Reabri o caderninho e encontrei o tal código “ANAUSEATEMPO91” que ele mencionara. O rapaz se levantou, fechou um botão rebelde de sua camisa azul  e veio em minha direção.
- Você gosta mesmo dessa pessoa, hein? - disse eu, querendo fazer amizade, apesar da beleza do rapaz, que me faria querer muito além de ser sua amiga.
- Você não me conhece. - Respondeu secamente, estendendo a mão. Atrapalhada como sempre, entendi o gesto de outra forma e apertei sua mão, num cumprimento ligeiro, dizendo:
- Prazer, eu sou a Eduarda.
- Ok, moça, eu sou o Raul, mas você poderia, por favor, devolver meu caderno? - Acho que ele estava um pouco incomodado com a situação.
Devolvi o pedido e ele partiu em direção à saída sem dizer nada. Virei-me para acompanhá-lo se distanciando (meu pai tinha uma camisa daquela cor...), mas logo parou e voltou. Assim que disfarcei o olhar, folheando o livro azul, ele disse:
- Desculpa minha grosseria… Eduarda… mas eu não estou num bom dia.
- Imagina, todo mundo tem dias assim…
- Pois é… Posso sentar? - apontou pra cadeira ao meu lado.
- Fique à vontade.
- Sei que a gente mal se conhece, mas eu preciso perguntar algo… pra qualquer pessoa... - por um instante, parou e estranhou o que disse -. Não que você seja qualquer uma…
- Fica tranquilo. Pergunta.
- Você leu o que estava marcado aqui, né? - apontou para o caderno, repousando na mesa.
- Sim, as duas últimas páginas… - fiquei receosa para comentar sobre o que li, vai que era algo extremamente confidencial, o que de fato poderia ser por se tratar de um diário…
- Então, o que achou?
- Sei lá, cara, eu não sei do que se trata…

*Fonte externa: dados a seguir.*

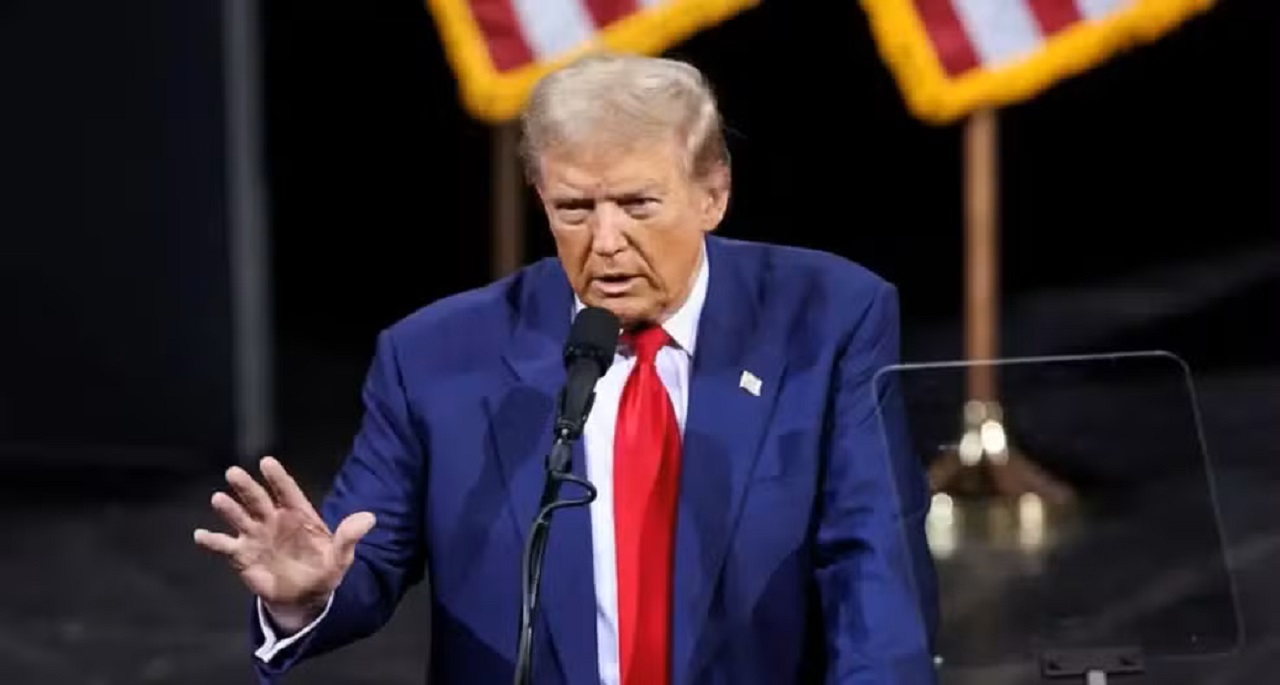 Trump - Foto Mike Blake Reuters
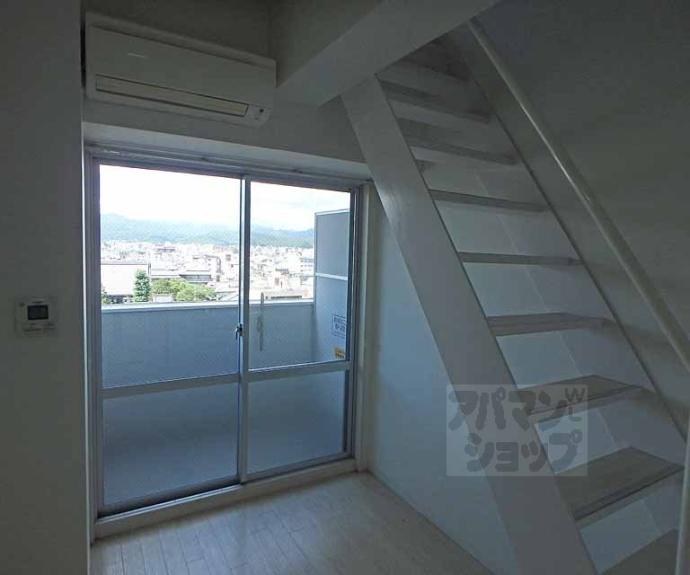 【Ｙ’ｓＦｌａｔｓ西陣】間取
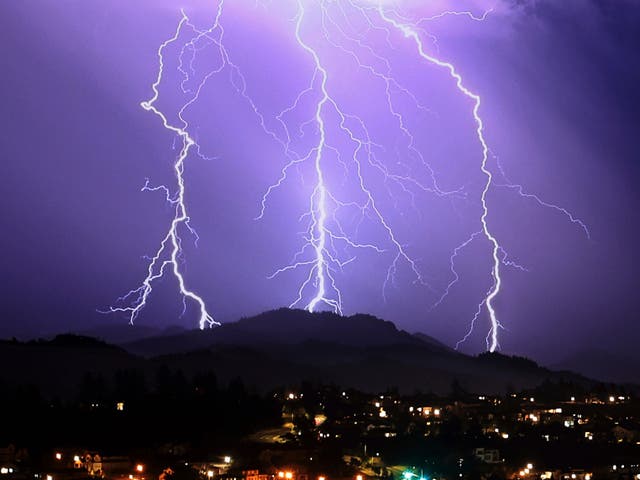 Cae un rayo en el área del Parque Estatal Sugarloaf Ridge, cerca de Santa Rosa, California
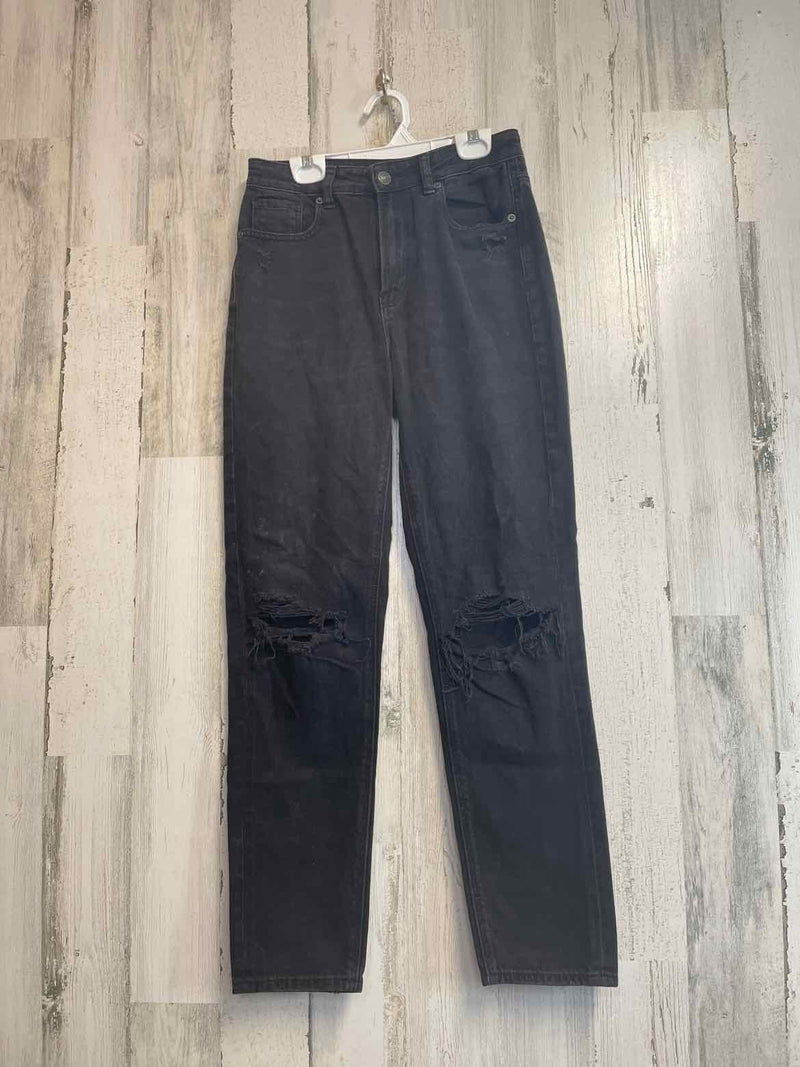 Size 2 American Eagle Jeans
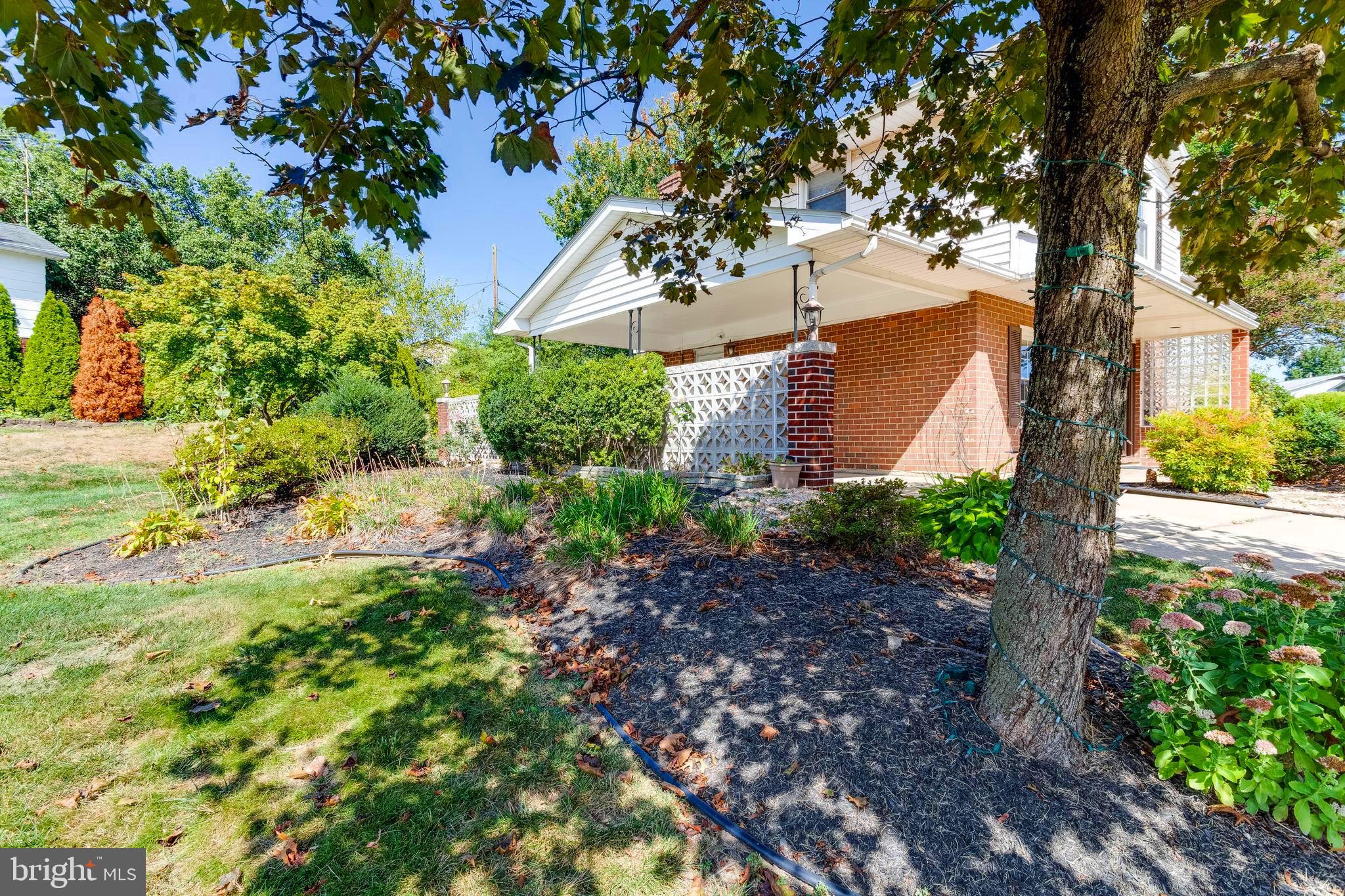 1622 Weyburn Road Baltimore, MD 21237 - Photo 41 of 45 Gardens Surrounding the house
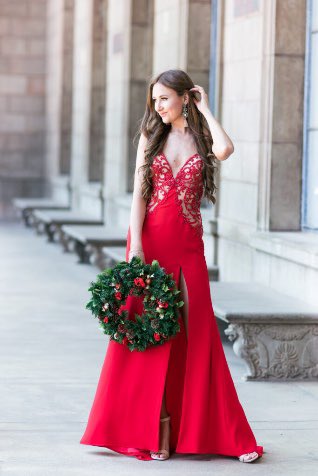 ArumLilea's tweet photo. Dressing up for Christmas https://t.co/HrzkZnLcpW https://t.co/HIJSMEdgl5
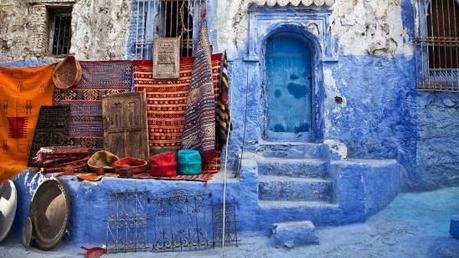 lets-travel-to-morocco-chefchaouen-with-sandra-jordan-featured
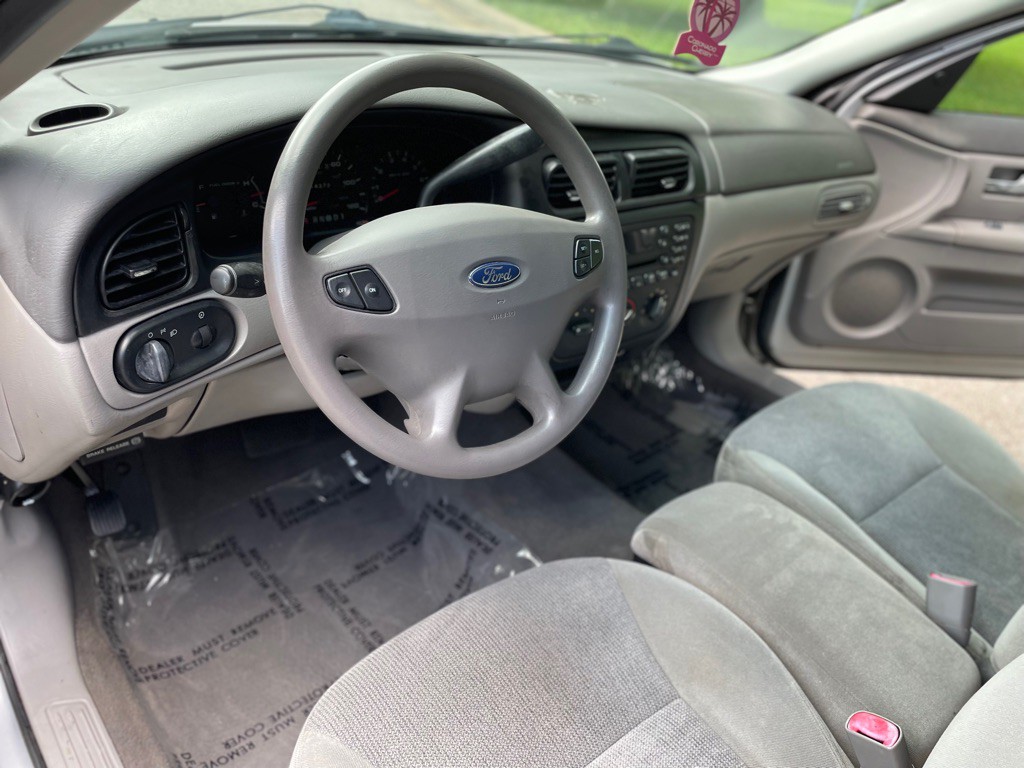 2002 Ford Taurus Image 13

Interrompeu rapidamente minha estúpida resposta:
- É sobre uma garota… Uma mulher… que me faz um bem desgraçado e não faço ideia de como falar tudo o que sinto pra ela ficar...
- É, escrever é uma boa forma de falar, digo, de se expressar.
- Qual você acha que seria a reação dela?
- Eu não sei, eu não conheço ela.
Não que nossa conversa estivesse alta demais, mas, por se tratar de uma biblioteca, fomos solicitados por uma senhora gentilmente a ou nos calarmos ou sairmos dali.
- Desculpa pelo vacilo - disse Raul.
- Vamos sair daqui, odeio esse lugar. - sugeri, cochichando ironicamente pra mulher ouvir. Deixei o livro azul sobre a mesa e partimos.
Sentamo-nos na padaria da esquina, pediu um pão de queijo e um café preto, pedi apenas um suco de laranja e começou a me contar sobre a garota e a história deles juntos. Quer dizer, juntos entre aspas, porque, durante grande parte do caso, eles mais passaram tempo distantes, alimentando desejos, do que propriamente lado a lado. Ficamos quase uma hora debatendo sobre o que ele deveria fazer e, ao dar a hora de meu compromisso, trocamos telefones e partimos cada um pro seu lado. Quanto mais ele falava, mais eu tinha vontade de invadir a casa dessa guria, pegá-la pelos braços e gritar:
- Puta que o pariu, mulher! O que você está fazendo aqui, sozinha, longe do Raul? Esse cara tá bem louco, num bom sentido, por você. Não demora!